For the material below, output exactly the span from the line with "A crow stands" to the line with "In 1954, James", including both, and nothing besides.

* Recorded data *
────────────────────────────────────────

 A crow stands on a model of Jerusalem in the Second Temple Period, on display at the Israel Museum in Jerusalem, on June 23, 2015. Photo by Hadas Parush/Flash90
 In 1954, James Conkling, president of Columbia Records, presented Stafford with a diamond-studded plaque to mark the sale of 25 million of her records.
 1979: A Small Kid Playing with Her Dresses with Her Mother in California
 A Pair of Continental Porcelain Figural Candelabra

────────────────────────────────────────

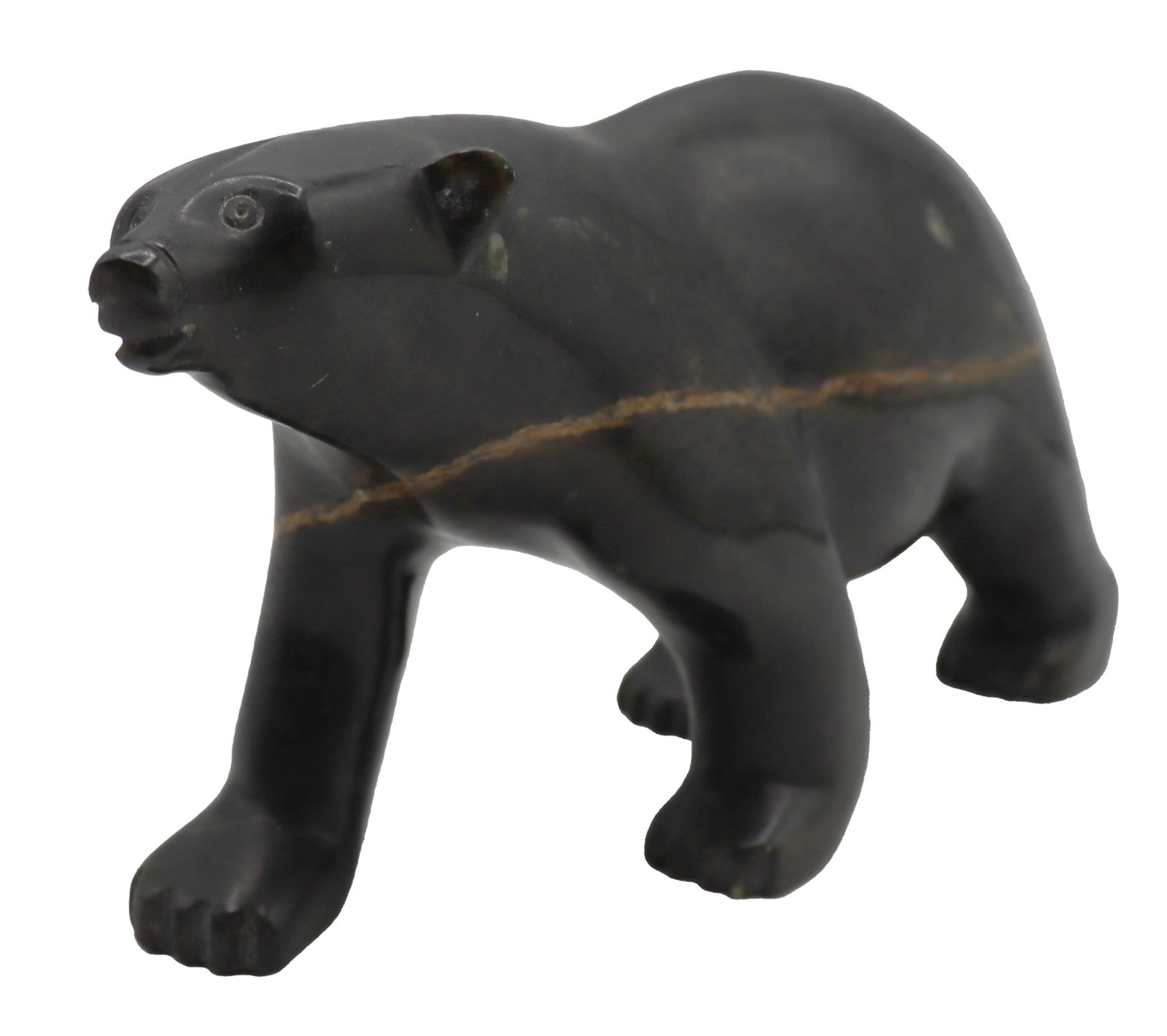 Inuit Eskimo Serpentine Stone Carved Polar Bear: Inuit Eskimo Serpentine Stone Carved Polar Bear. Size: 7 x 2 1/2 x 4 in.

────────────────────────────────────────

* Output of the exercise *
 A crow stands on a model of Jerusalem in the Second Temple Period, on display at the Israel Museum in Jerusalem, on June 23, 2015. Photo by Hadas Parush/Flash90
 In 1954, James Conkling, president of Columbia Records, presented Stafford with a diamond-studded plaque to mark the sale of 25 million of her records.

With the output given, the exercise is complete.